National Guard To Help Restore Calm In Ferguson

National Guard To Help Restore Calm In Ferguson

St. Louis Post-Dispatch

FERGUSON, Mo. — Just moments after Missouri Highway Patrol Capt. Ronald S. Johnson announced early Monday that new security steps were planned in Ferguson that would not include National Guard troops, Gov. Jay Nixon announced that he was activating those forces.

“Given these deliberate, coordinated, and intensifying violent attacks on lives and property in Ferguson, I am directing the highly capable men and women of the Missouri National Guard to assist Colonel Ron Replogle and the Unified Command in restoring peace and order to this community.” the governor’s executive order said.

At his press conference after another night of violent clashes with protesters, Johnson said new security steps were planned but declined to detail them. In response to one of the few questions that were allowed, he said those plans were still in flux but did not include bringing in National Guard troops.

Johnson said the additional measures being put in place had been formulated in talks between himself, Nixon, St. Louis County Police Chief Jon Belmar, St.
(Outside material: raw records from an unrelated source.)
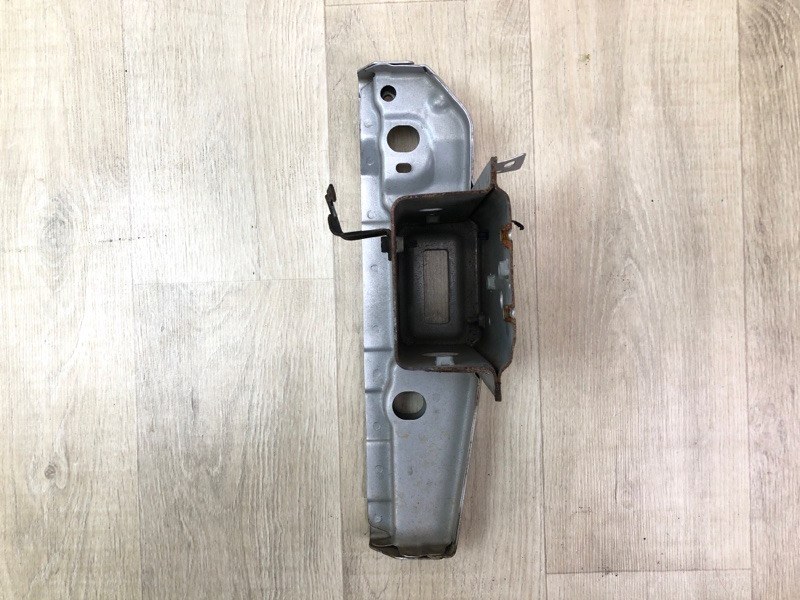 Кронштейн крепления передней панели правый HYUNDAI ACCENT RB 10- ХЭТЧБЭК 1.6 G4FD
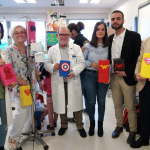 Asier, de Fluid 3D, dona a Pediatría carcasas fabricadas mediante impresión 3D para envolver las soluciones fisiológicas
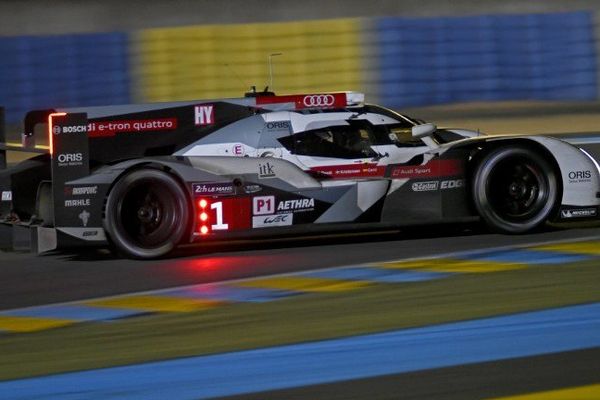 L'Audi N°1 en tête de la course à 9 heures ce dimanche matin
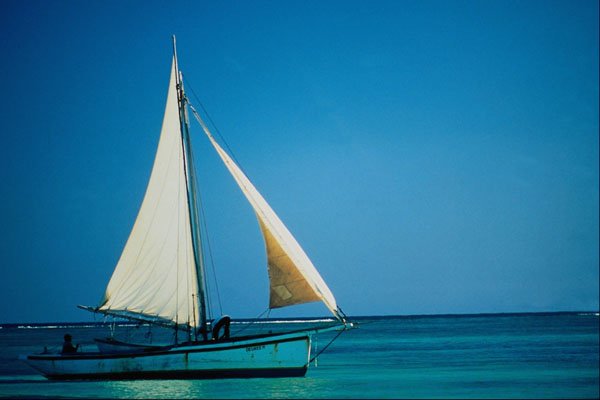 669028 Sailboat In Caribbean Sea, Belize A4 Photo Print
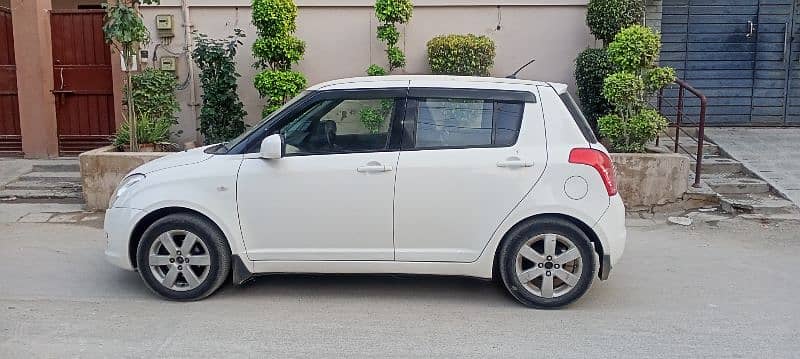 Suzuki Swift DLX Automatic 2015 0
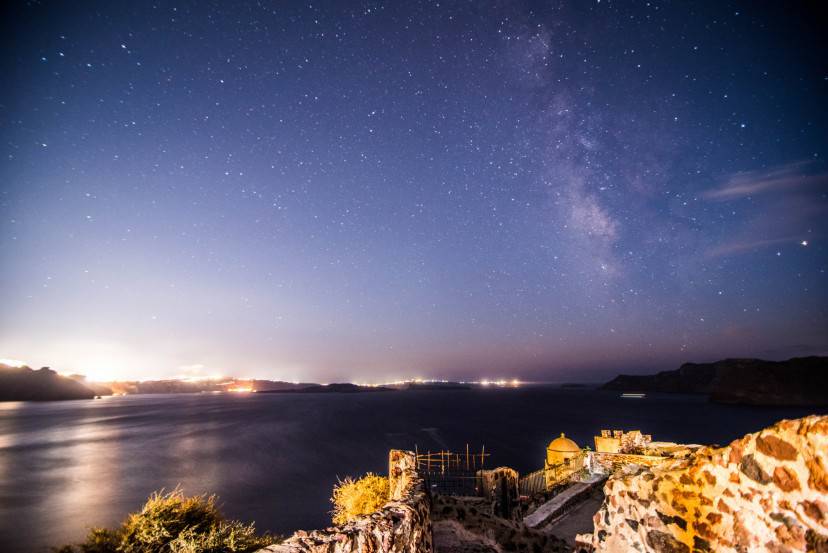 Mare d'inverno a Santorini, con Via Lattea (Thinkstock)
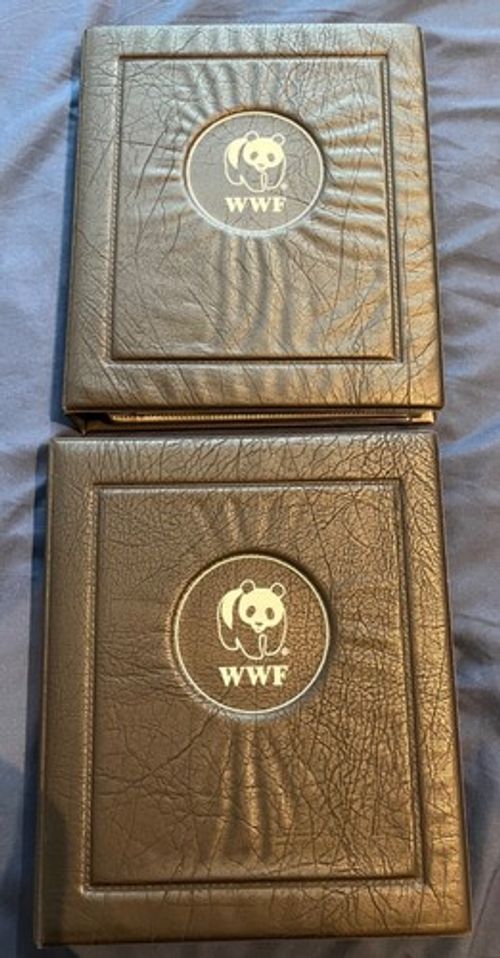 2 WWF FOLDERS CONTAINING 80 WWF 1st day cover + 80 new stamps  1984 THRO  1990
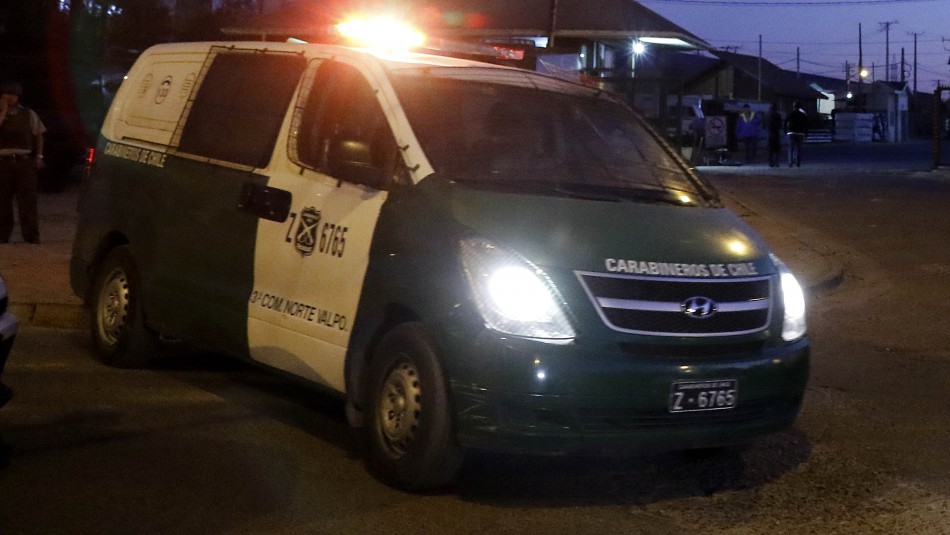 Carabineros Mujer simula realizar un pedido de pizza para denunciar agresión de su pareja a Carabineros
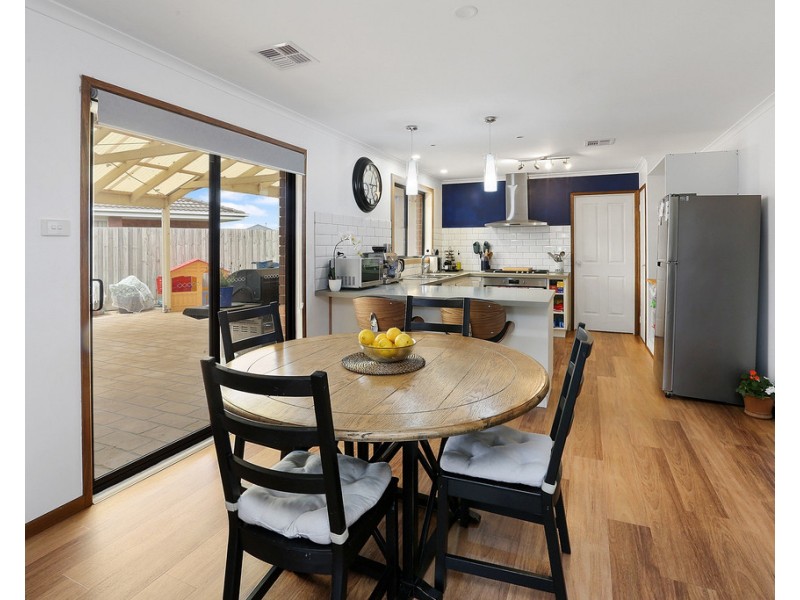 48 Cameron Crescent, Lara VIC 3212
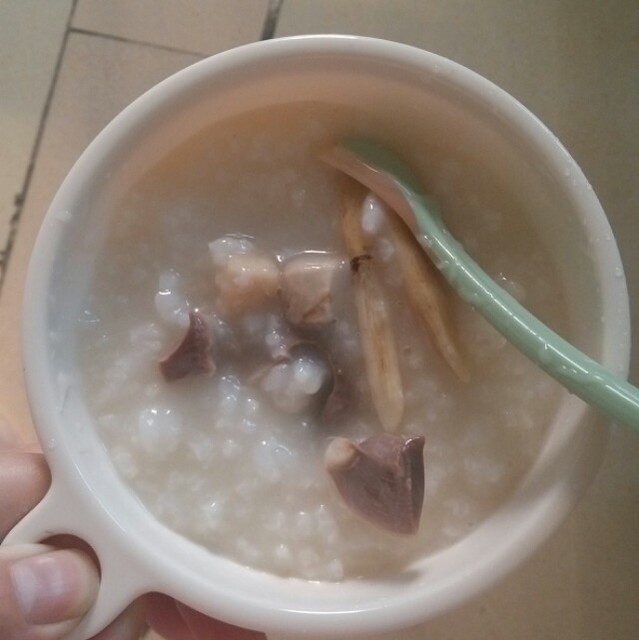 宝宝今天吃鸡肾黄芪茯苓粥2015-03-29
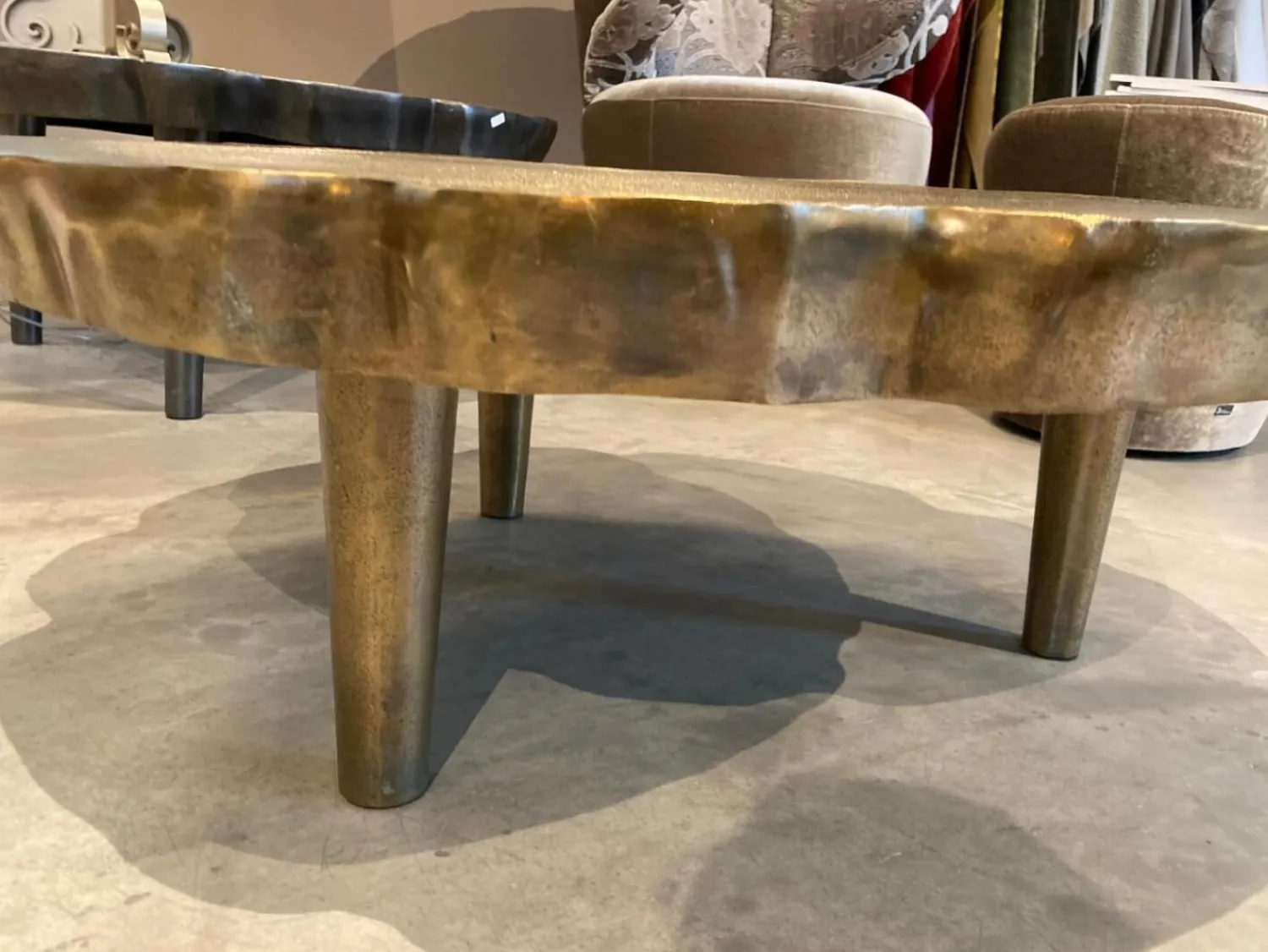 Lambert Couchtische|Couchtisch Toshiko Aluminium Sandgussverfahren Messing Baumschreiben Design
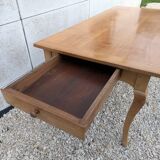 Provençal farmhouse table in blond cherry wood, Louis XV style.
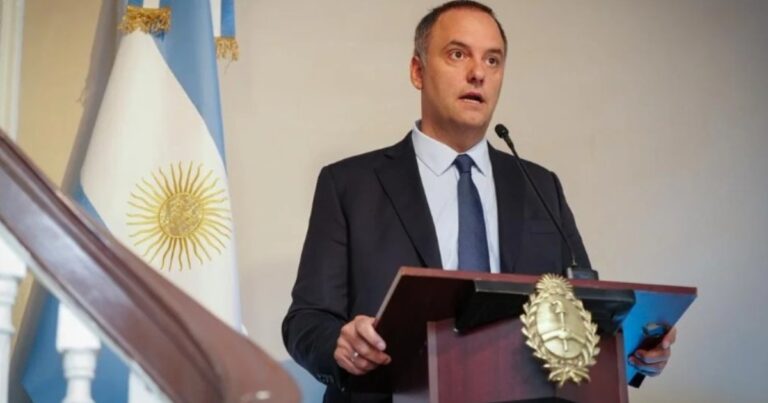 Manuel Adorni, Jefe de Gabinete, en un acto oficial.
Louis Police Chief Sam Dotson, and Replogle, who is in charge of the Highway Patrol.

Johnson, who was put in control of security on the North County city’s streets last week, blamed a small group of agitators for the night’s violence that included shootings, molotov cocktails, and lootings. He said he believed those who instigated the violence came to what had been a peaceful protest determined to “provoke a response.”

Other law enforcement authorities said three people had been injured in shootings during the night. None of the shootings involved officers, authorities said. Police said seven or eight people were arrested on charges of failing to disperse.

Johnson detailed a night of violence that began about 8:25 with a shooting among the protesters. Next, he said, shots were fired at and molotov cocktails thrown at officers and businesses were looted.

At one point, he said, a McDonald’s was overrun by protesters and the workers inside had to take shelter.

“Based on these conditions, I had no alternative but to elevate our response,” Johnson said, referring to officers’ push to clear the streets hours before the midnight curfew with measures that included the use of tear gas.

Replogle, interviewed about 2:30 a.m. on CNN, said of the decision to call in the National Guard: “We need some help.”

He said larger and larger groups of protesters have been showing up on the streets of Ferguson since the fatal shooting last weekend of Michael Brown, 18, by a Ferguson police officer.

Replogle said the protesters who are resorting to violence “aren’t residents of this city, we know that.”

By 6 o’clock Monday morning, traffic was moving in front of the looted Dellwood Market and the McDonalds restaurant, whose broken windows were not yet cleaned up or boarded up. Employees of the restaurant began showing up before dawn and said they hoped to have the restaurant open for business by 7 a.m.’

Some protesters were on the scene, including Mauricelm-Lei Millere, 41, of Washington, D.C. He said he is with the New Black Panther Party.

Millere said any trouble was started by “provocateurs who are trying to destroy this.”

Malik Rhasan, 42, of Atlanta, said he came to Ferguson under the belief that the St. Louis suburb was a town on fire. “I was proud of the youth last night, and very disappointed by the police,” Rhasan said.

Mayor Reggie Jones of Dellwood said the market on Chambers Road wasn’t the only city business hit; he’s checking a pizza store and auto parts store.

“Our city isn’t included in this, but we’ve been dragged into it because we are so close,” he said.